Without much effort, the new minister of agriculture can literally for a month reverse many of the negative results from the imposed rules of the previous administration by equalizing the conditions for the market participants in the country and by placing the Bulgarian and foreign goods on equal stances (many pointless requirements from the last year raised the prices of Bulgarian production). He can allow for the small and micro-business to take a breath and develop without the constant and unjustified harassment from the Food Safety Agency officials.
Transparency should also be a priority for the caretaker government – here we talk entirely about the work of the administration, and not about laws. For two months some serious breakthroughs can be done that until recently seemed unthinkable.
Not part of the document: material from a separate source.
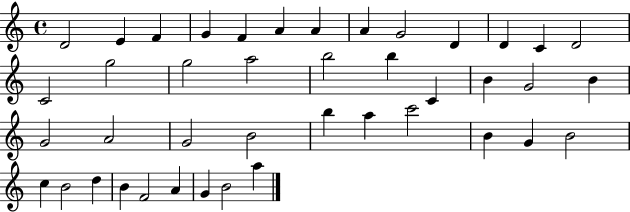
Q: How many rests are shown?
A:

Here are a few examples – the Ministry of Finance can easily publish monthly detailed information on the implementation of the consolidated program by functions, and also the budget reports of all municipalities in the country. For the local budgets issue, we know that municipalities send the relevant information to the Ministry of Finance, so what is left is to upload 264 pages on the ministry’s webpage, which could be done in one week. Every ministry is collecting and using some relevant information in its everyday operations and there is no excuse for this large amount of data not to be uploaded and freely accessible on the internet.
To sum up, the caretaker government should preserve fiscal stability, optimise some expenses, monitor the effective revenue collection and review all administrative regulations which impede entrepreneurial activities as well as push for more transparency. The last note is extremely important, it is supported by the public and is absolutely achievable in 1-2 months – the administration should simply publish information it already has and operates with. More public information does not favour the ones in power, because it makes their work easier to monitor. This exact reason explains why the interim ministers are in a position to do it – they are temporally appointees, and the data serves better to assess their predecessors.
 Let’s not forget the famous essay by Frederick Bastiat “What Is Seen and What Is Not Seen”. In it Bastiat says: “There is only one difference between a bad economist and a good one: the bad economist confines himself to the visible effect; the good economist takes into account both the effect that can be seen and those effects that must be foreseen”.
 For this purpose, the following regulations should be reviewed: the regulation on dairy products (for more details check here and here); regulation №32 on poultry products (see here); regulation on the selling of wood; the regulation on direct delivery, which in its current version, practically, makes it impossible for small agriculture producers to sell their products directly. The list is not exhausted but is a good start.
 Here is an example. When in the last few months Bulgarians working abroad were discussed, everybody was talking plain theory with no actual data. As it turns out, such information is available at the Ministry of Labour – every single Bulgarian, working legally around the world, is in this statistics. The data should be accessible in detail and by year. Knowledge of such kind of databases is greater in the administration and not in the civil society. That is why the provisional ministers can change a lot of things regarding transparency.